Task directions: Exclude the pictures; give every entry again exactly as written.

Dataset content:
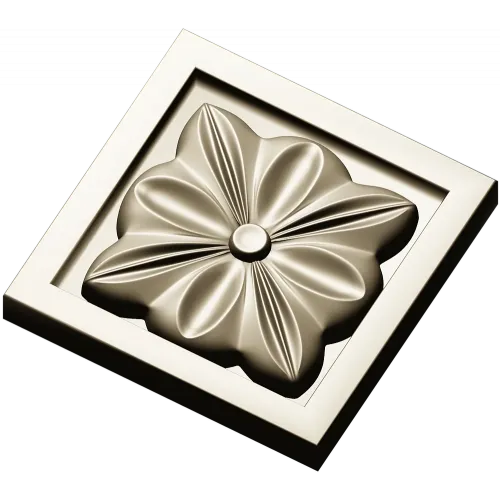 Square Floral Rosette STL for CNC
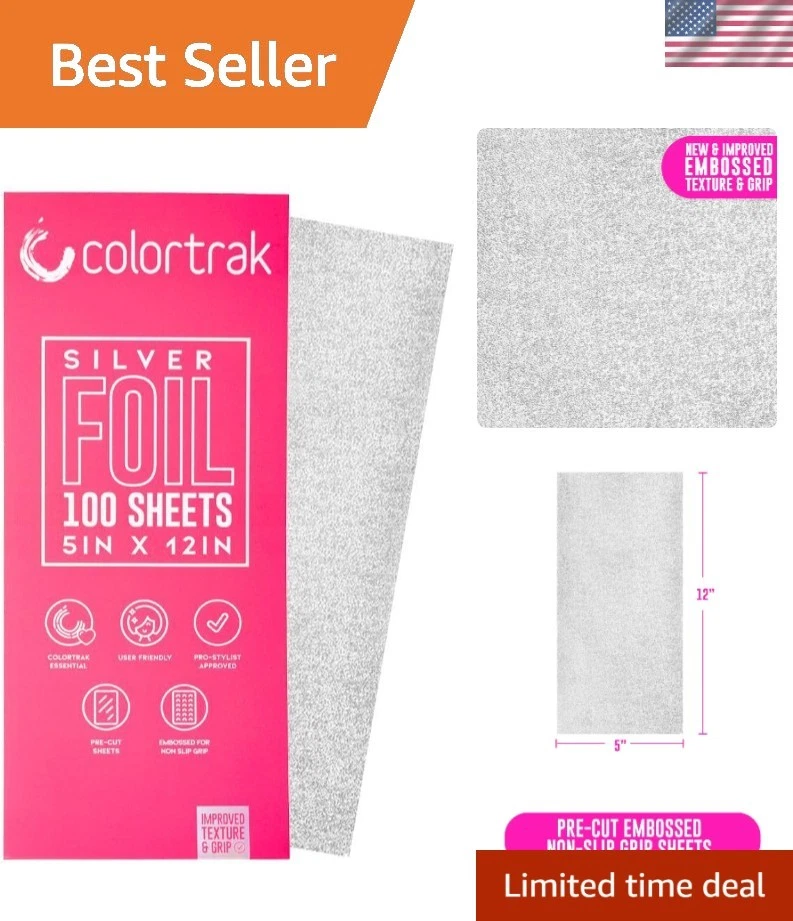 Extra Long 5 x 16 Inch Hair Coloring Foil Sheets - 200 Silver Pre-Cut Sheets - Image 1 of 4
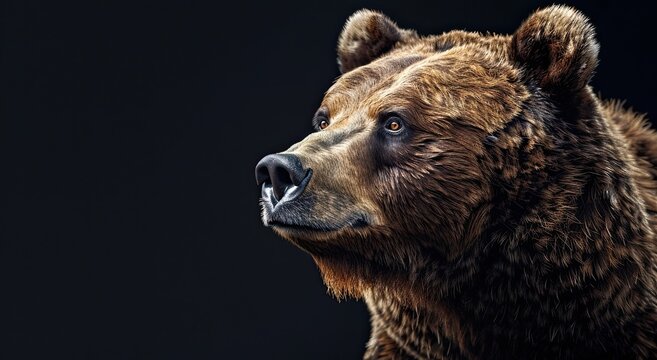 portrait of a brown grizzly bear photo studio setup with key light, isolated with black background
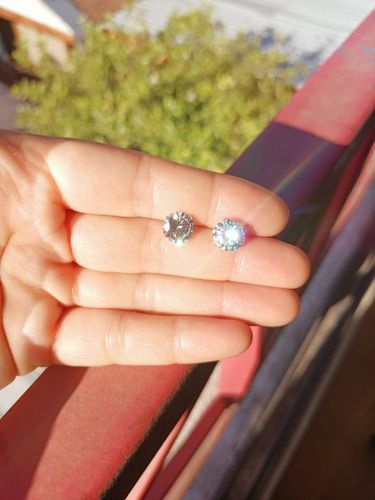 Pendientes Aretes Aros Puntos Luz En Plata 925 Zirconia 9mm-0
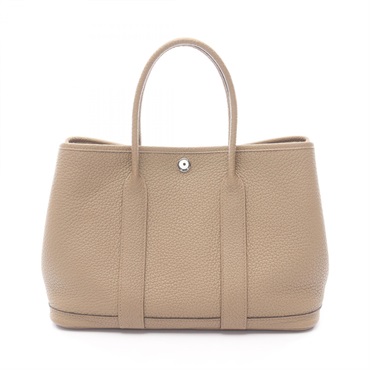 HERMES Garden party TPM Tote Bag B Negonda leather Beige Marfa Used SHW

Exercise result:
 Square Floral Rosette STL for CNC
 Extra Long 5 x 16 Inch Hair Coloring Foil Sheets - 200 Silver Pre-Cut Sheets - Image 1 of 4
 portrait of a brown grizzly bear photo studio setup with key light, isolated with black background
 Pendientes Aretes Aros Puntos Luz En Plata 925 Zirconia 9mm-0
 HERMES Garden party TPM Tote Bag B Negonda leather Beige Marfa Used SHW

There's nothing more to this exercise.